Diğer yandan onun islamın doğuş dönemindeki toplumsal gelişmişlik düzeyi kendinden önceki durumdan pek farklı değildir ‘’sözleri de izaha muhtaçtır. Bununla hapis cezasının İslami dönemde de uygulanamaz oluşunu ifade etmektedir. Hâlbuki bir kısım rivayetler, hapis cezasının İslami dönemde uygulandığını göstermektedir. Mesela, ‘’Hicaz ahalisinden bir grup arasında münakaşa çıkmış ve bir kişi öldürülmüştür. Hz. Peygamber (s.a.v.) gönderdiği bir emir ile bunları hapsettirmiştir.’’153 Bu konuda Hz. Peygamber (s.a.v.) döneminde bazı kimselerin hapsedildiği anlaşılmaktadır.154 Ayrıca yine bu sürede yer alan hirabe suçunun cezası olarak gelmiş olan ‘’yeryüzünden sürmek’’ ifadesinin Hz. Peygamber (s.a.v.) tarafından hapis cezası olarak uygulandığı söylenmektedir.155 Nitekim buna dayanarak Ebu Hanife de ayeti bu şekilde anlamıştır.156 Bunlar bize hapis cezasının farklı suçların cezası olarak az da olsa uygulanması nedeniyle o gün için bu cezayı uygulamanın asgari şartlarının var olduğunu göstermektedir.
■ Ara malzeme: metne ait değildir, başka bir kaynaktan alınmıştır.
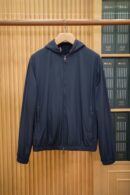 Loro Piana Reversible Hooded Jacket Donkerblauw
Hicri 10. yılda indiği bilinen Maide suresinde yer alan bu ayetin cahiliye dönemindeki şartlar dolayısıyla hapis cezası olarak değil de el kesme cezası olarak öngörüldüğünü söylemek bir çelişki olmakla beraber vahyin hiçbir şeyi değiştiremediği yani toplumun hayat şartlarını oluşturmada rolü olmadığı gibi hakikat ile uyuşmayan bir anlamı da içermektedir. Şayet Allah, el kesme cezasını değil, hapsi murad etseydi Medine döneminde birçok sorunu halletmiş olan İslam toplumu bunun için gerekli altyapıyı oluşturabilirdi. Nitekim el kesme emrini içeren ayetin inişi düşünüldüğünde aralarında çok uzun bir zaman geçmeden halifeler döneminde farklı suçların cezası için hapishanelerin oluşturulmaya başlandığı görülmektedir.157
Bu açıdan baktığımızda el kesme cezasının alternatifsiz olmadığı bilakis hapis cezasının o gün için bir alternatif olduğu halde ayette al kesme olarak belirtilmesi murad-ı ilahi olarak algılanmalıdır. Bu nedenle el kesme cezasının bütün dönemlerde uygulanması gerekmektedir.
Hirabe suçunda olduğu gibi bir suç için ayetin metninde farklı alternatiflerin sayılmayıp158 sadece el kesme cezasının ön görülmesi de bunun tarihsel bir zorunluluk olmadığını bilakis irade-i ilahiye olduğunu teyit etmektedir. Hz. Peygamber (s.a.v.) döneminde uygulandığı bilinen159 bu cezanın sadece indiği dönemde değil, diğer ilahi dinlerde de uygulandığının bilinmesi cezanın yerel olmadığını kanıtlamaktadır.160
Garaudy gibi hümanist düşüncelerle bu cezanın Allah’ın rahmetiyle bağdaşmaz telakki edilmesi, bu cezanın caydırıcılığı yanında, suçun toplumun düzenini bozan oldukça çirkin bir davranış oluşu, önü alınmadığı takdirde mal emniyetinin sağlanamayacağı161 gibi hususlar düşünülünce daha nötr hale geleceği kanaatindeyiz.